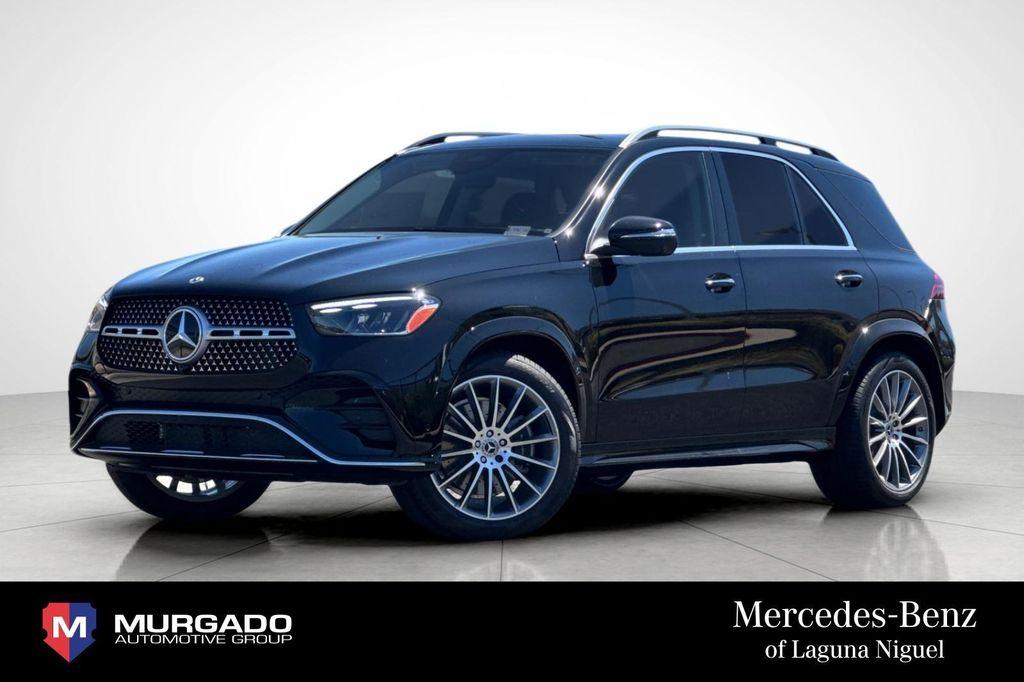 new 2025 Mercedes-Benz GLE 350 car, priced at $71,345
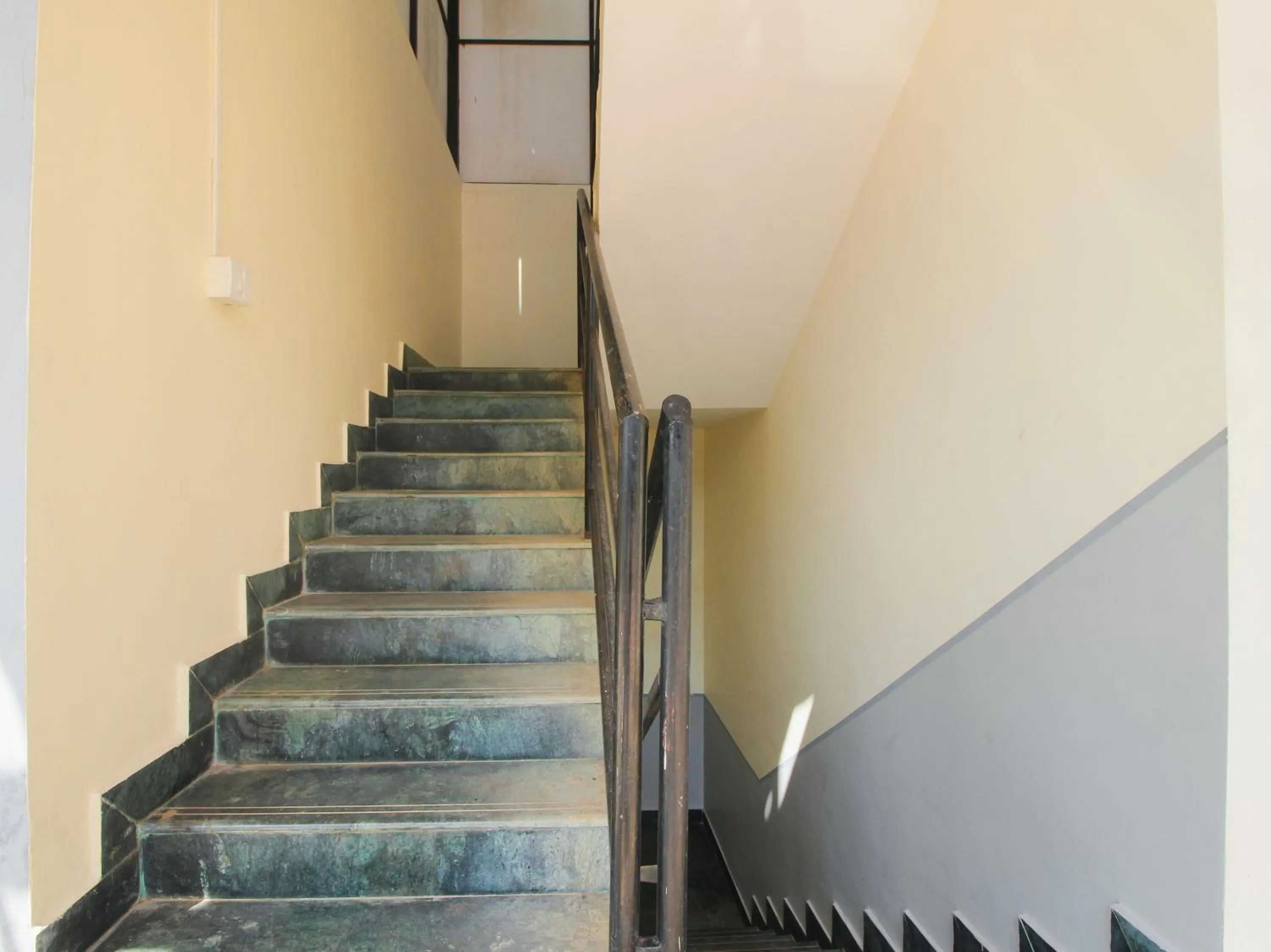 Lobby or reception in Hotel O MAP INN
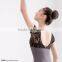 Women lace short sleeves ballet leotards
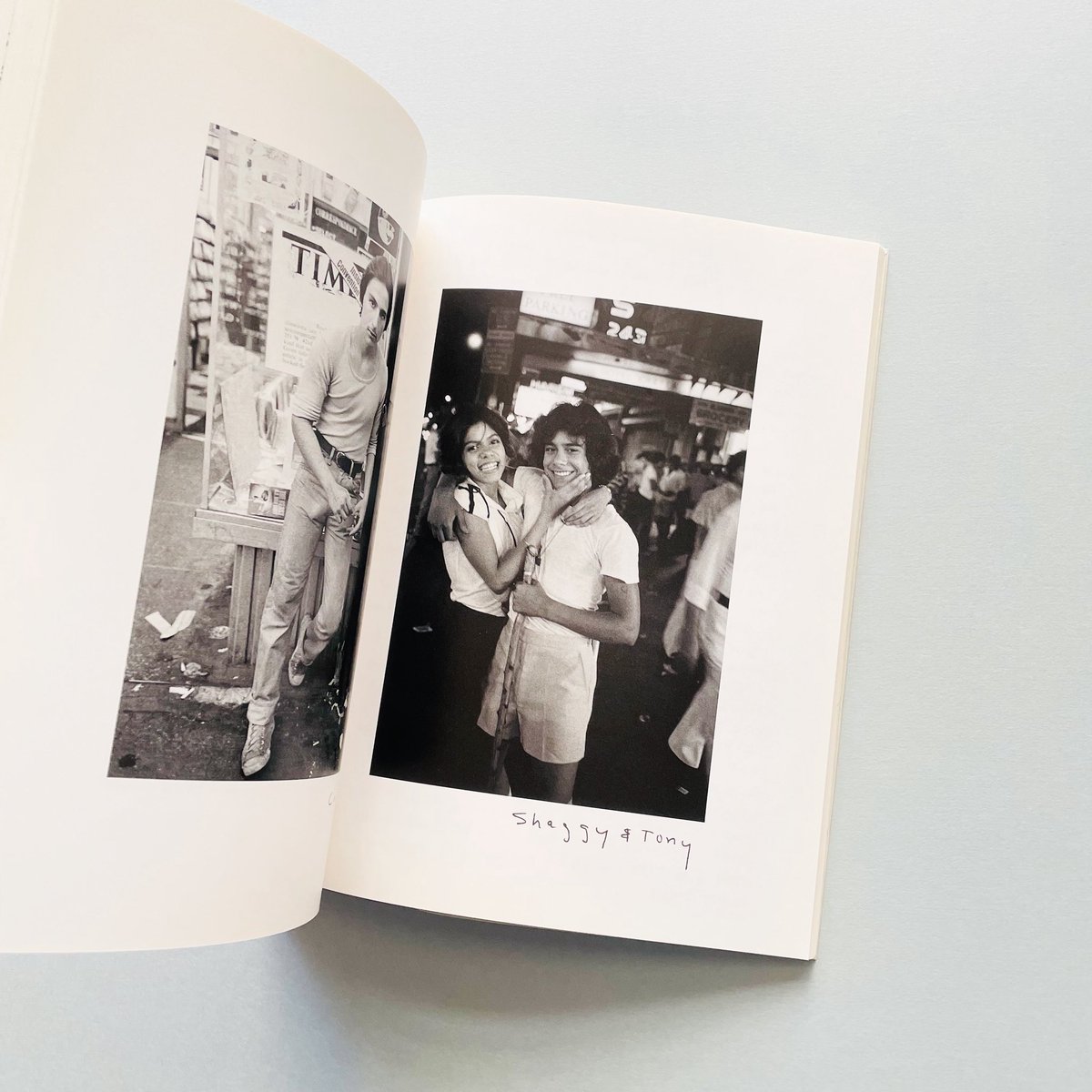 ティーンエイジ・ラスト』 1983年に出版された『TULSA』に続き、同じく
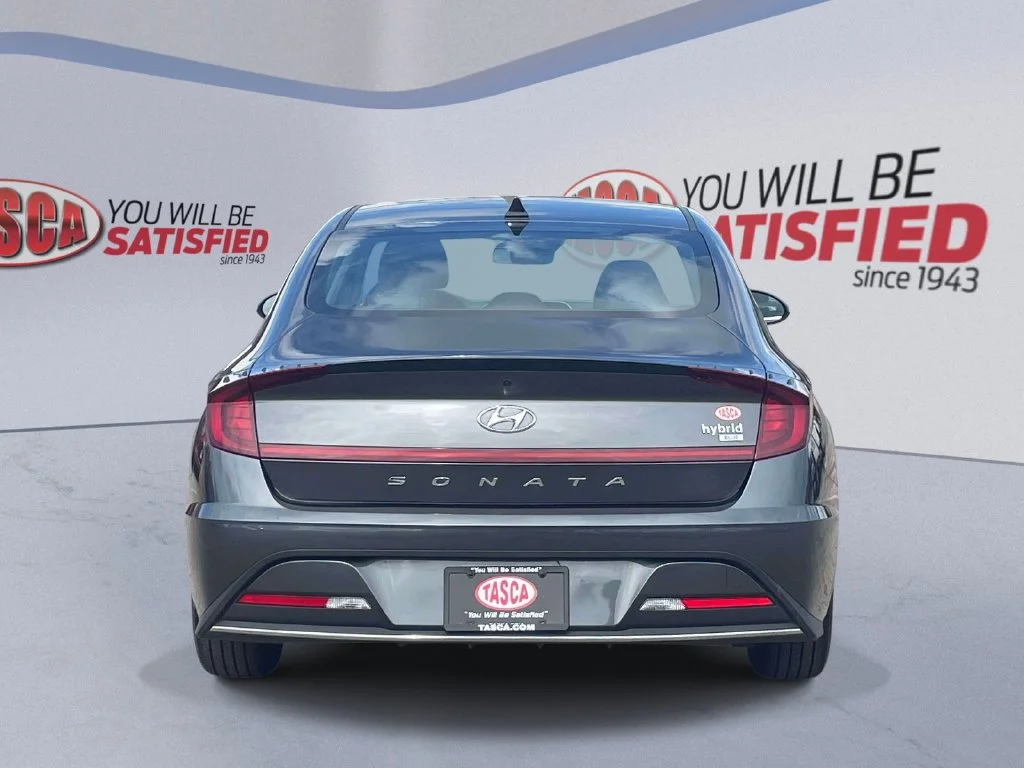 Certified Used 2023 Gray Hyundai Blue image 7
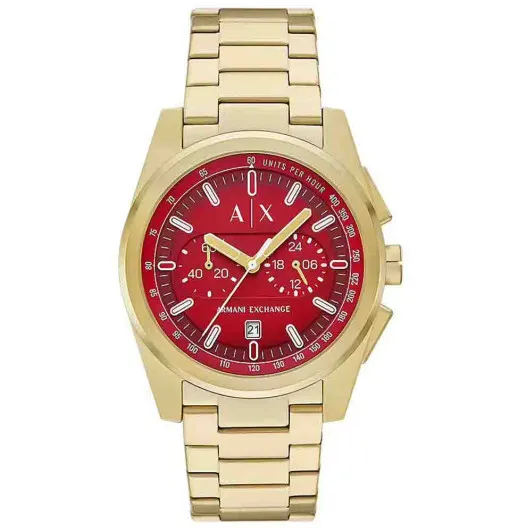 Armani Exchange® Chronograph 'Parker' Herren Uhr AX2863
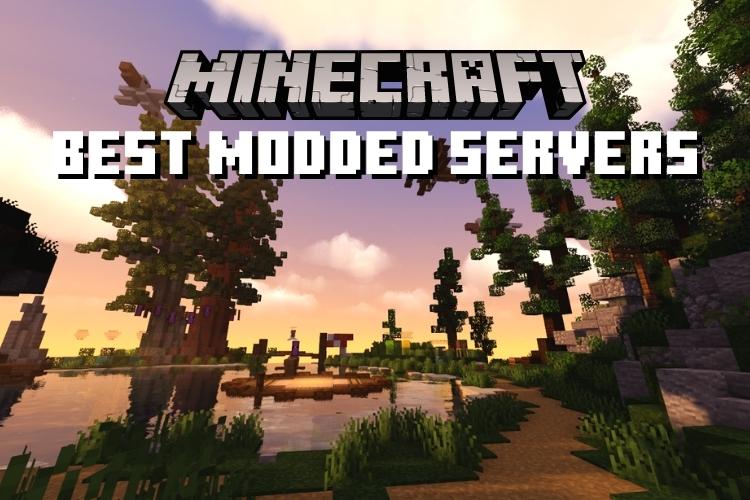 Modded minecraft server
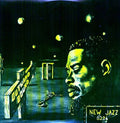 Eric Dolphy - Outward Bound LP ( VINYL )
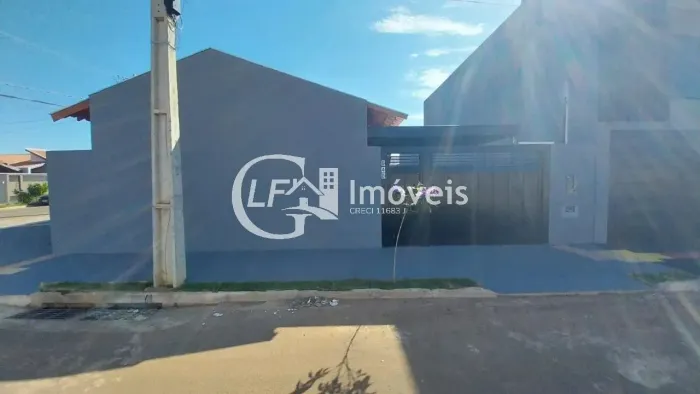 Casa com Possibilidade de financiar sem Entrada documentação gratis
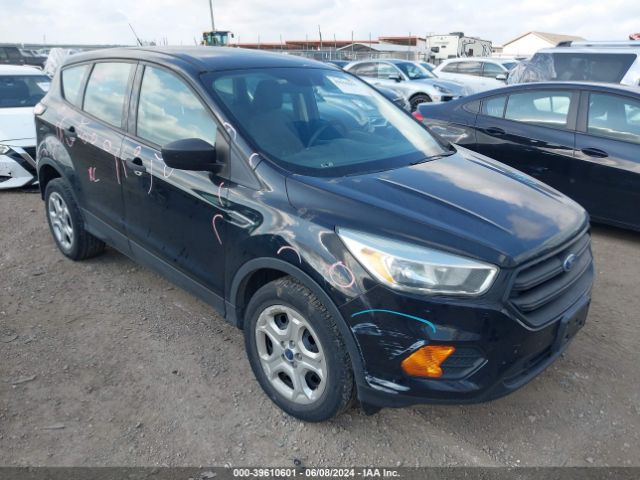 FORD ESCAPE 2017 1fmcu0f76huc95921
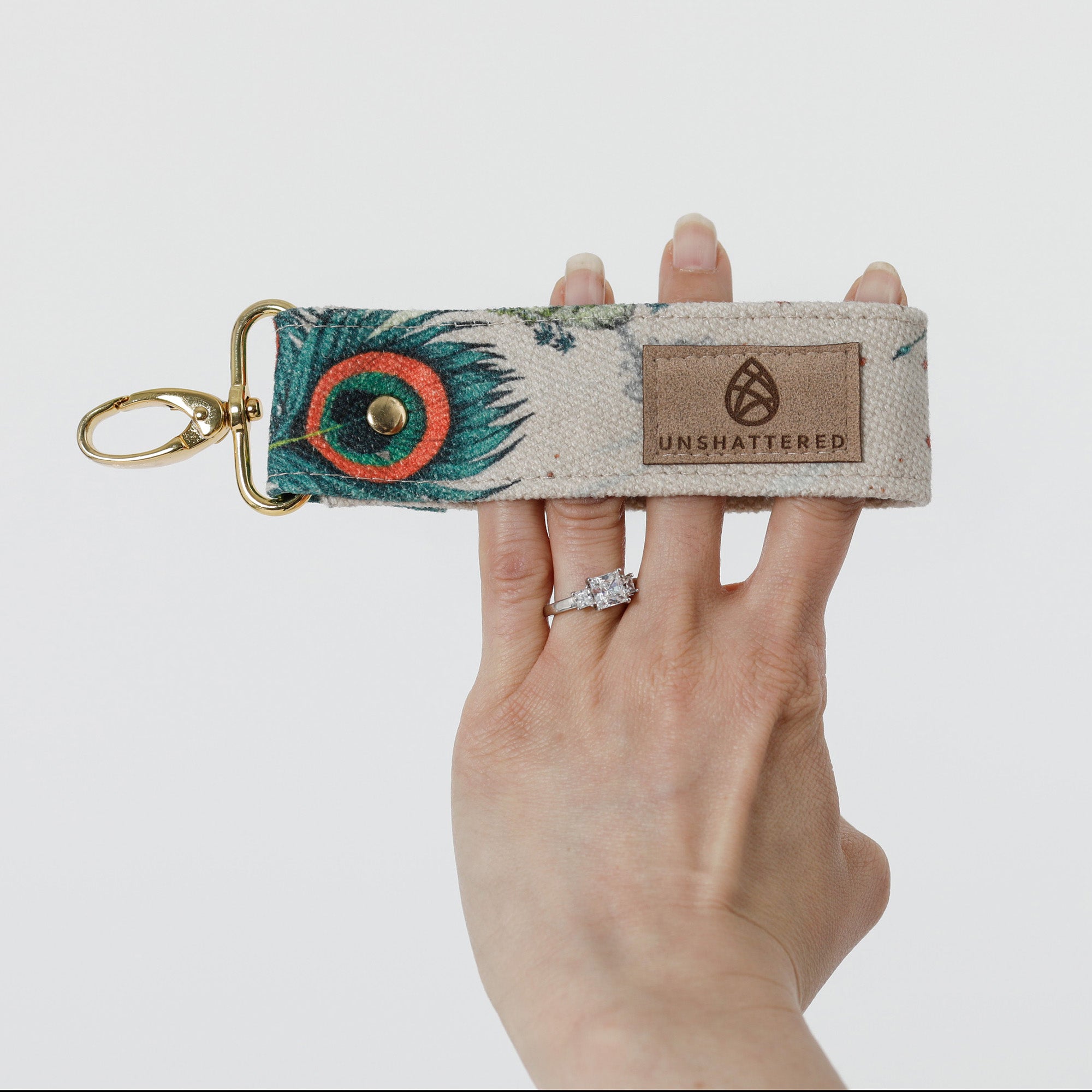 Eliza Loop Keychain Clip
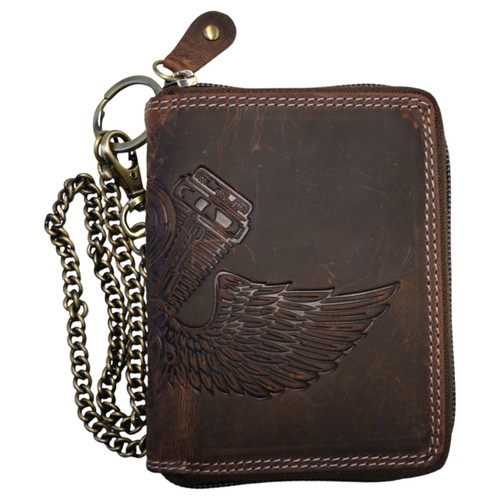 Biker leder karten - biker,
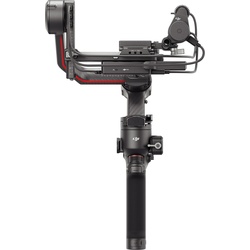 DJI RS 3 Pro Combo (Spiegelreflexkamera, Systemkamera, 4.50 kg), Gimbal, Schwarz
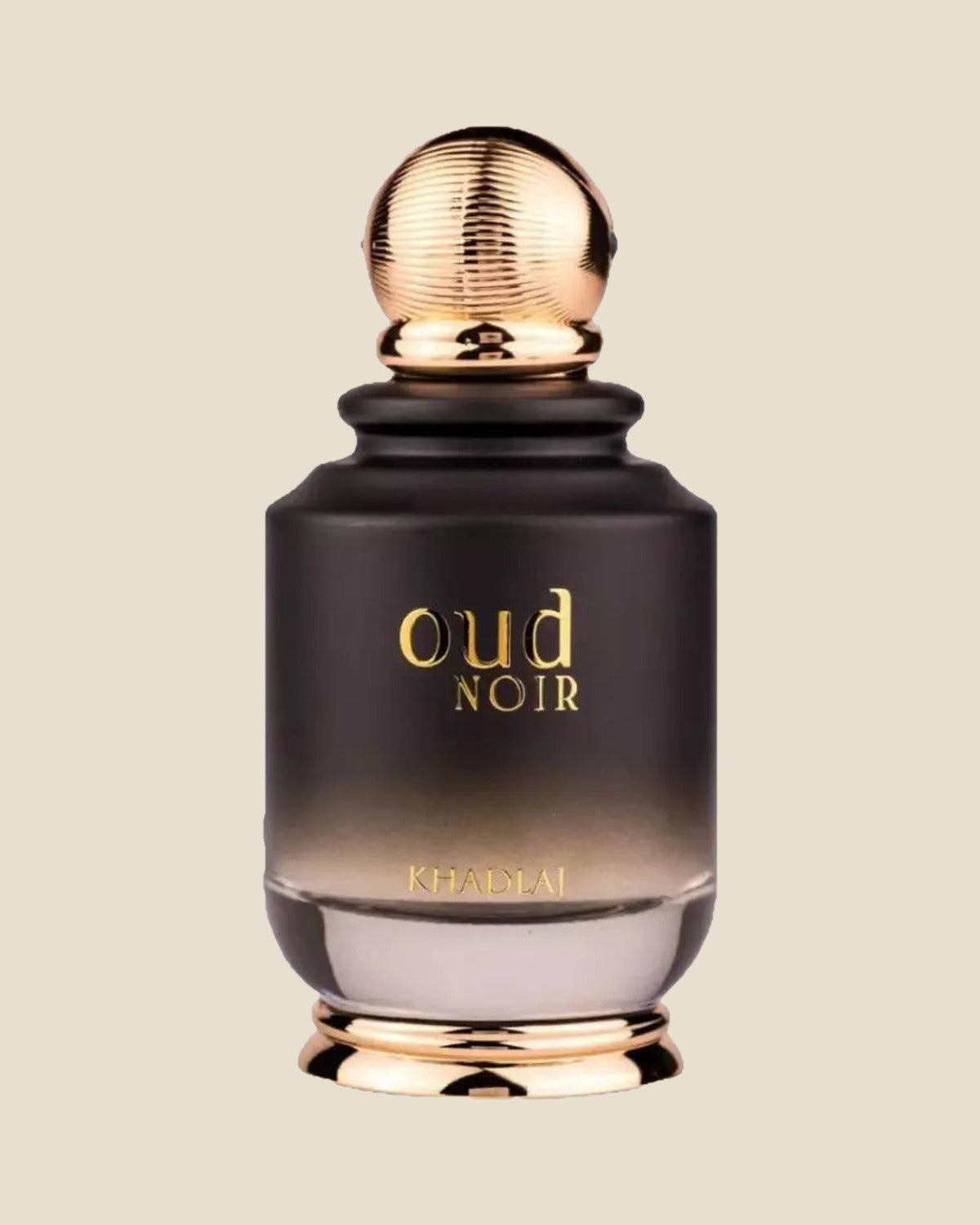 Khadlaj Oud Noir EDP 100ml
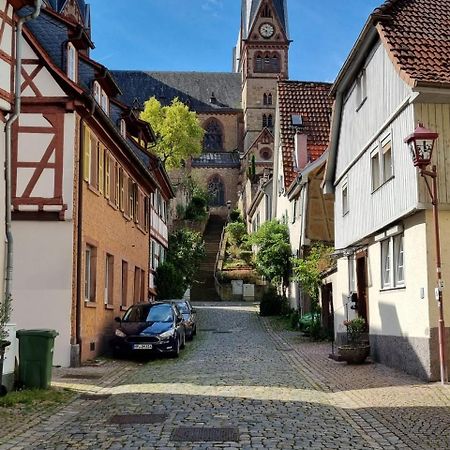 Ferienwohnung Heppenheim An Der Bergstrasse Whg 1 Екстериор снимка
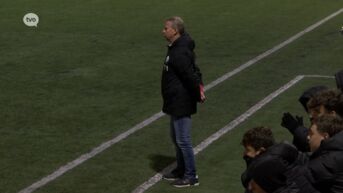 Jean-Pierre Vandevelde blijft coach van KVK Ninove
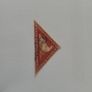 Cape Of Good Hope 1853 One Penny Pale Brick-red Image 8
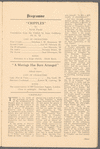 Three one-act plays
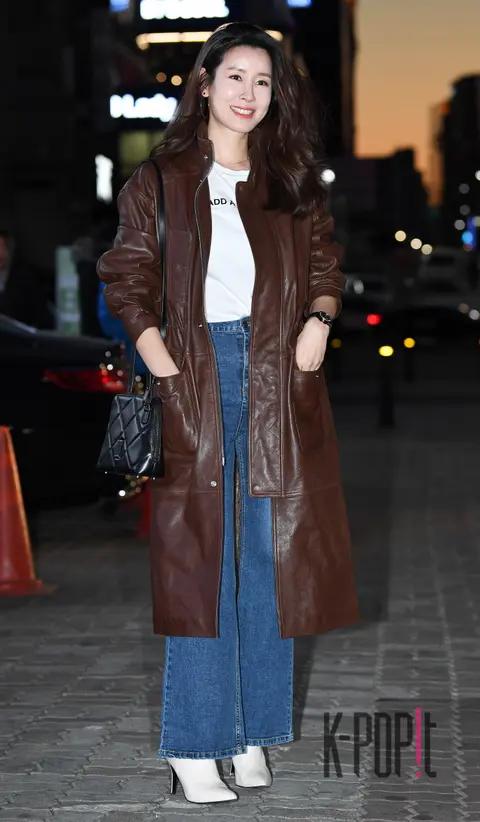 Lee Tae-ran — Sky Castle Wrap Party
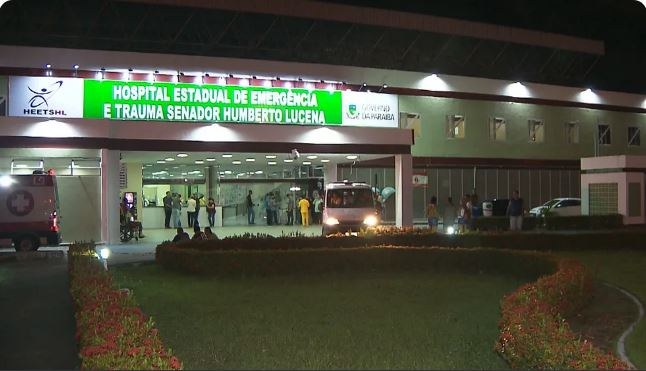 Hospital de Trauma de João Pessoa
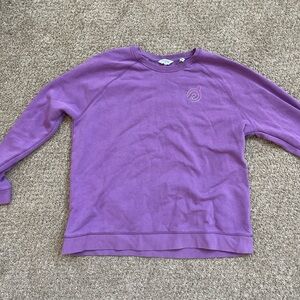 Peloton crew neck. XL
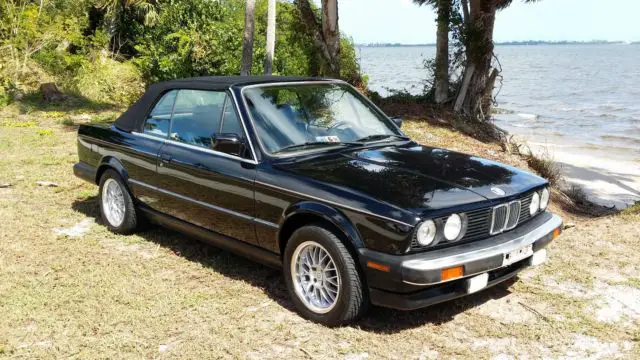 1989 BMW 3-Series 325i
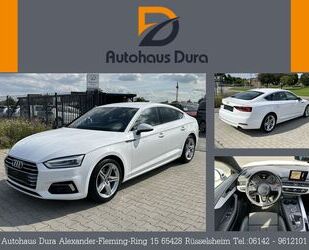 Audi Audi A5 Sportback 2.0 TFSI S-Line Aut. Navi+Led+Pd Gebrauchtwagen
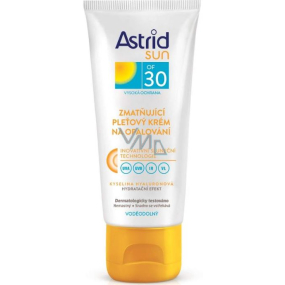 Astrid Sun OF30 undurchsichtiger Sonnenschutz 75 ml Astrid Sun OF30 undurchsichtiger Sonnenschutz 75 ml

##############################

_EXERCISE DESCRIPTION_: Retype the listing above exactly, pictures excluded.

_RESULT OF THE TASK_:
 new 2025 Mercedes-Benz GLE 350 car, priced at $71,345
 Lobby or reception in Hotel O MAP INN
 Women lace short sleeves ballet leotards
 ティーンエイジ・ラスト』 1983年に出版された『TULSA』に続き、同じく
 Certified Used 2023 Gray Hyundai Blue image 7
 Armani Exchange® Chronograph 'Parker' Herren Uhr AX2863
 Modded minecraft server
 Eric Dolphy - Outward Bound LP ( VINYL )
 Casa com Possibilidade de financiar sem Entrada documentação gratis
 FORD ESCAPE 2017 1fmcu0f76huc95921
 Eliza Loop Keychain Clip
 Biker leder karten - biker,
 DJI RS 3 Pro Combo (Spiegelreflexkamera, Systemkamera, 4.50 kg), Gimbal, Schwarz
 Khadlaj Oud Noir EDP 100ml
 Ferienwohnung Heppenheim An Der Bergstrasse Whg 1 Екстериор снимка
 Jean-Pierre Vandevelde blijft coach van KVK Ninove
 Cape Of Good Hope 1853 One Penny Pale Brick-red Image 8
 Three one-act plays
 Lee Tae-ran — Sky Castle Wrap Party
 Hospital de Trauma de João Pessoa
 Peloton crew neck. XL
 1989 BMW 3-Series 325i
 Audi Audi A5 Sportback 2.0 TFSI S-Line Aut. Navi+Led+Pd Gebrauchtwagen
 Astrid Sun OF30 undurchsichtiger Sonnenschutz 75 ml Astrid Sun OF30 undurchsichtiger Sonnenschutz 75 ml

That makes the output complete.